### REQUIREMENT
Your task is to return, word for word, only the lines from the line with "Auberge de Jeunesse" through the close of the data. Exclude all pictures.

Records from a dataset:
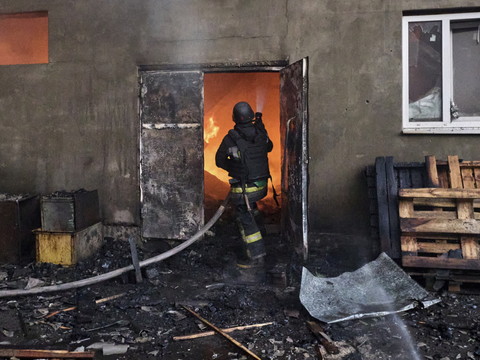 Ukraine: cinq morts dans une attaque de drones russes dans le nord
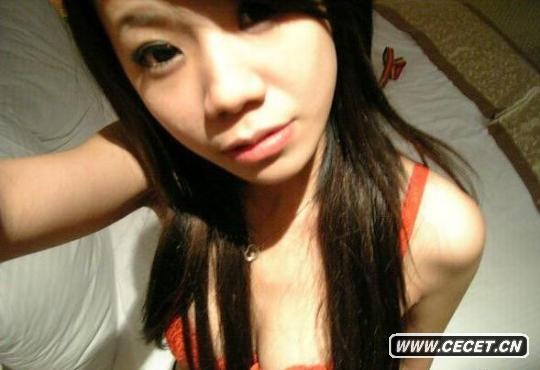 漂亮小女生自拍很性感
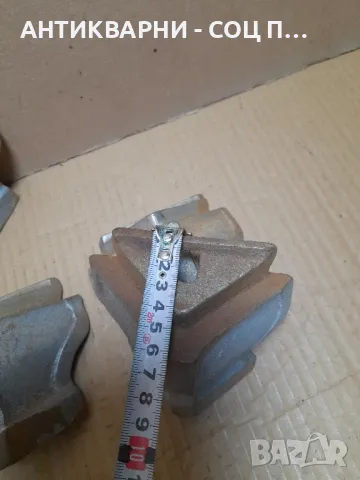 Комплект Соц Стари Чугунени Крака От Стара Печка., снимка 11 - Антикварни и старинни предмети - 49090960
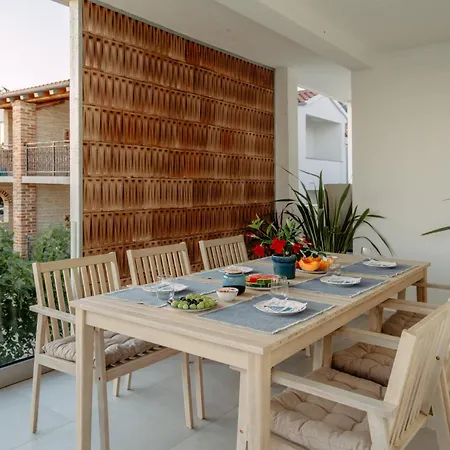 Apartment Raza - Beachfront On Rab - Sea View & Private Boat Dock Barbat na Rabu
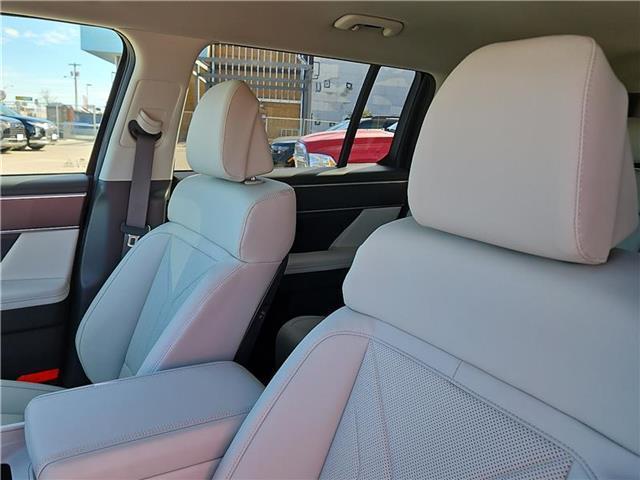 new 2025 Hyundai Santa Fe car, priced at $39,050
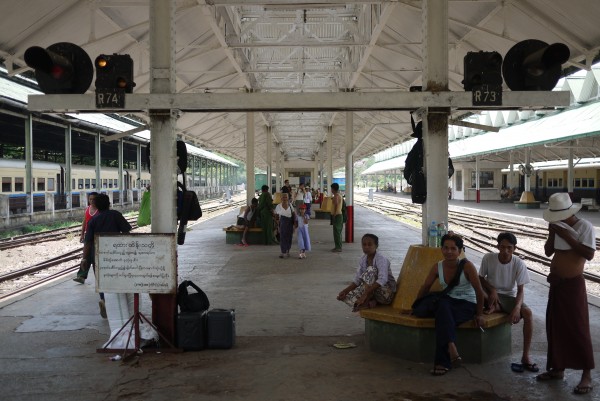 A la gare de Rangoon, en attendant notre train!
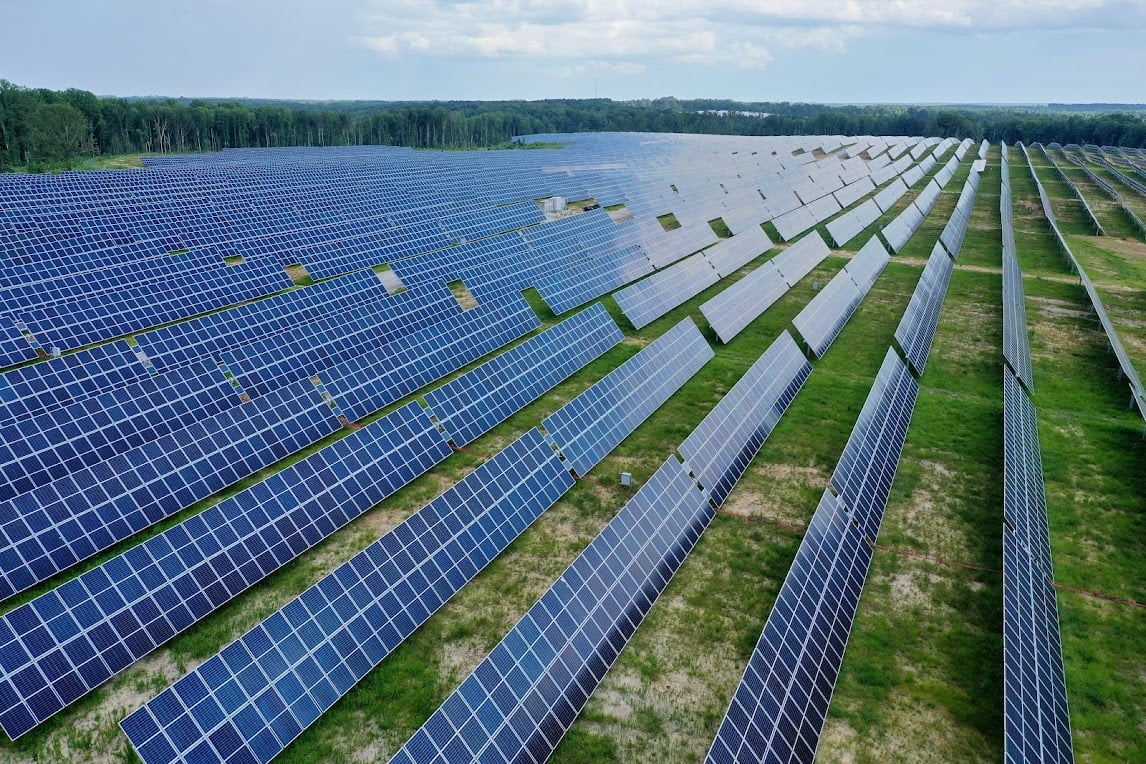 Texas solar operators surge after exceeding Q3 expectations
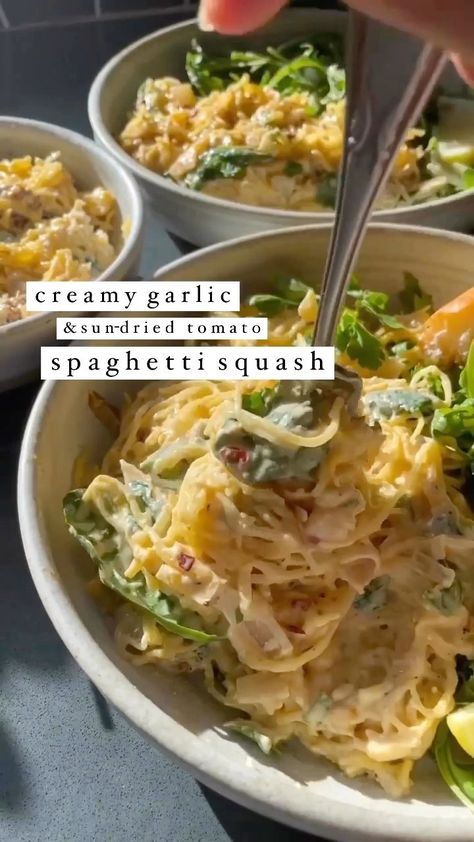 💚 YOUR DAILY DOSE OF HEALTH! 🍏 on Instagram: “OMG!! This looks amazing!! 🤤💚 Definitely trying this soon! 🙏🏾😍 TAG A FRIEND! 🎥 by @sara.haven! . CREAMY GARLIC & SUNDRIED TOMATO SPAGHETTI…” Sundried Tomato Spaghetti Squash, Sundried Tomato Spaghetti, Tomato Spaghetti Squash, Sara Haven, Tomato Spaghetti, Sundried Tomato, Health Dinner Recipes, Creamy Garlic, Spaghetti Squash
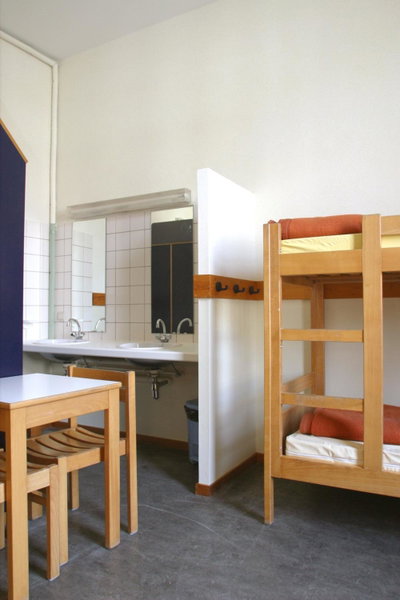 Auberge de Jeunesse de Tournai - Youth Hostel, Tournai, Belgium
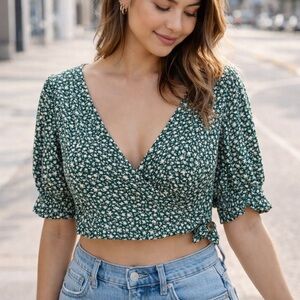 American Eagle Outfitters Green Floral Crop Top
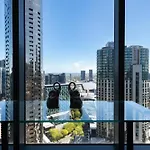 Stunning 1-Bedroom Apartment In Southbank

### OUTPUT OF THE TASK
 Auberge de Jeunesse de Tournai - Youth Hostel, Tournai, Belgium
 American Eagle Outfitters Green Floral Crop Top
 Stunning 1-Bedroom Apartment In Southbank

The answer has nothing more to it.